Les manifestations actuelles en France, et tout particulièrement en Bretagne, peuvent faire craindre de nouveaux retards dans la mise en place de l’écotaxe poids lourds. Nous voulons dire aujourd’hui avec force qu’un nouveau report ne règlerait rien, et retarderait encore la nécessaire modernisation de l’offre de transport et d’organisation logistique dans ce pays.
L’écotaxe c’est d’abord une fiscalité écologique qui instaure un cercle vertueux : Elle résulte du Grenelle de l’environnement. Cette taxe existe dans cinq pays européens. Mise en place dès 2005 en Allemagne, elle a permis de mobiliser 4,3 milliards d’euros en 2012, et la part du fret ferroviaire y a fortement augmenté.
En faisant payer l’usage des routes par leurs utilisateurs réels, l’écotaxe s’inscrit dans une logique de changement des comportements et une optimisation des transports : moins de marchandises circulant en tous sens sur nos routes et des circuits plus courts. En s’appliquant aussi aux camions circulant à vide, elle incite également les transporteurs à rationaliser les tournées.
Il s’agit aussi de relativiser son impact sur les prix : le coût du transport représente 10% du prix des marchandises, la taxe est de 4,1% et elle ne porte que sur le transport routier empruntant les seules routes surchargées (1% du réseau routier français). L’impact de la taxe sera très limité, la moitié d’1 centime pour une salade de 1 euro. Même pas le coût du sachet plastique ! Bien loin du gaspillage de la chaîne de distribution (7% du prix du produit soit 7 centimes pour une salade à 1 euro).
Ceux qui s’insurgent contre cette taxe aujourd’hui manipulent la réalité. L’écotaxe ne va pas détruire l’économie locale. Au contraire, applicable à tous les transports, et payable au kilomètre, elle va pénaliser les transports longs et ainsi faire baisser l’avantage concurrentiel de marchandises provenant de pays aux normes sociales et environnementales faibles, ou encore faire payer aux transporteurs routiers étrangers qui ne font que traverser la France du Sud au Nord, et qui n’apportent rien à notre économie si ce n’est pollution et destruction de nos routes. Les flux financiers créés par l’écotaxe sont ainsi créateurs d’emplois que ce soit par l’investissement en infrastructures (près de 1 milliard d’euros par an) et par la protection des emplois locaux contre certaines importations. Nous devons donc faire preuve de plus de pédagogie et de conviction dans notre manière de défendre l’écotaxe !

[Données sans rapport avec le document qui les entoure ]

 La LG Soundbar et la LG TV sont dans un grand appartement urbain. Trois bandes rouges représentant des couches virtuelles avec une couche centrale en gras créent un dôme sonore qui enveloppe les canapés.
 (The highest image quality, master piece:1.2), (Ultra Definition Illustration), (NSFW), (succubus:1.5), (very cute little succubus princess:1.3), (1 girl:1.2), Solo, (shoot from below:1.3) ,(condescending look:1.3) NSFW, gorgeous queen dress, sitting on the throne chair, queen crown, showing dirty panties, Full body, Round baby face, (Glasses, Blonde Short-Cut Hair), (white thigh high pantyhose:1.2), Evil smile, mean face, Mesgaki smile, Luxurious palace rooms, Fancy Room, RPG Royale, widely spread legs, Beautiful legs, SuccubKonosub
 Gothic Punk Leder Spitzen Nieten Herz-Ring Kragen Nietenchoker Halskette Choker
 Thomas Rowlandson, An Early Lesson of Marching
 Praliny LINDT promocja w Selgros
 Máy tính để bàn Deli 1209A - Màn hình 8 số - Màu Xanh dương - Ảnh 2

Concernant la Bretagne, l’écotaxe s’inscrit clairement dans le soutien à des logiques de transformation sur place des productions. Faut-il rappeler que 700 000 porcs bretons sont envoyés à l’abattage en Allemagne chaque année ! L’application de l’écotaxe irait dans le sens de leur abattage sur place. Ainsi seule la viande sera exportée, pas le cochon vivant ! Faire de l’écotaxe un symbole des difficultés actuelles du secteur est donc un contre-sens total.

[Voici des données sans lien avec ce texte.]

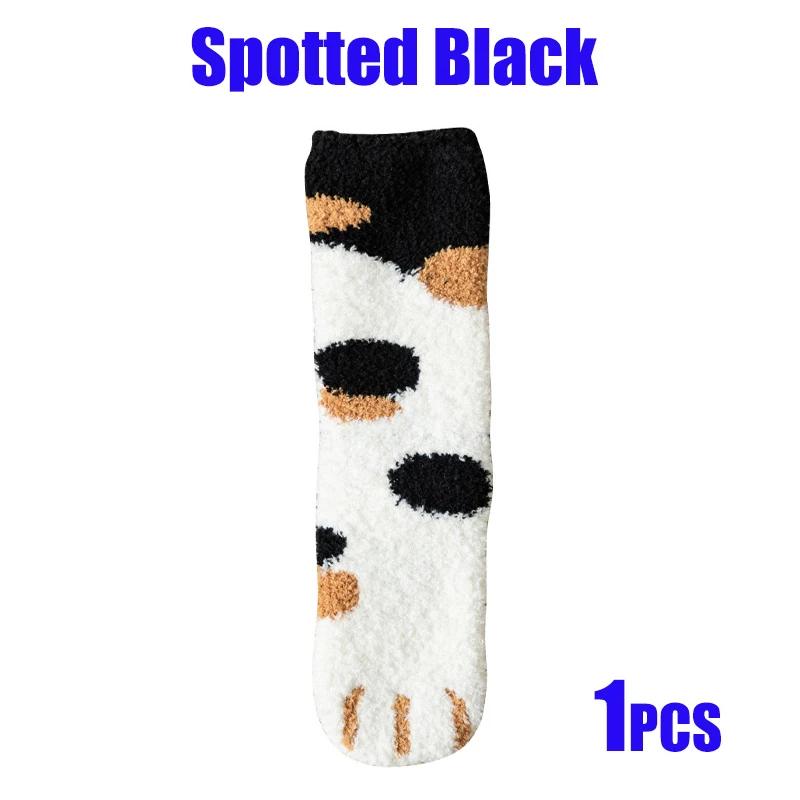 

Women Socks Winter Warm Fluffy Socks Cute Animal Claw Cat Paw Footprint Fuzzy Socks Thicken Coral Fleece Home Floor Sleep Socks One Size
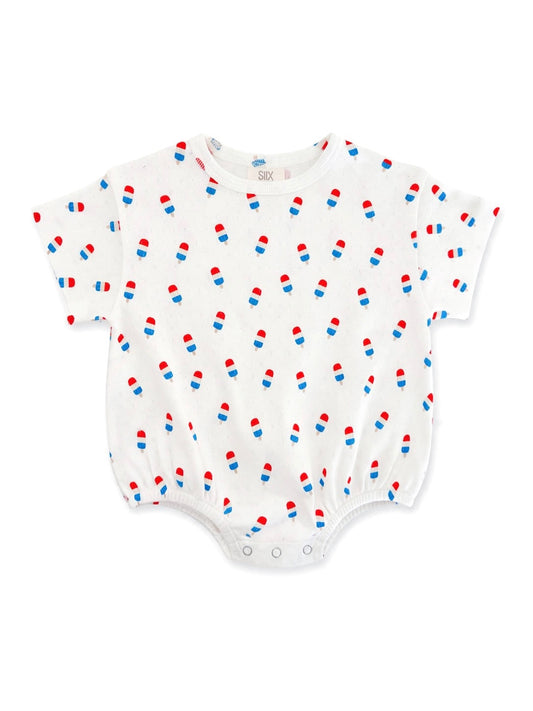 Pointelle T-Shirt Romper - Popsicle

En tant que Vice-présidents des commissions du développement durable au Sénat et à l’Assemblée nationale, nous estimons que le gouvernement doit rester ferme sur l’application au 1er janvier de l’écotaxe, et, tout en soutenant son aménagement dans le cas de régions excentrées, dénoncent son instrumentalisation par certains lobbies, de toute évidence plus soucieux de leurs profits immédiats en instrumentalisant ceux qui souffrent de la fin d’un modèle productiviste, que des enjeux environnementaux et de développement local.
Ronan Dantec, Sénateur de Loire-Atlantique, Vice-président de la commission du Développement durable, des Infrastructures, de l’Equipement et de l’Aménagement du territoire.
François-Michel Lambert, Député des Bouches du Rhône, Vice-président de la commission Développement Durable et Aménagement du Territoire de l’Assemblée nationale.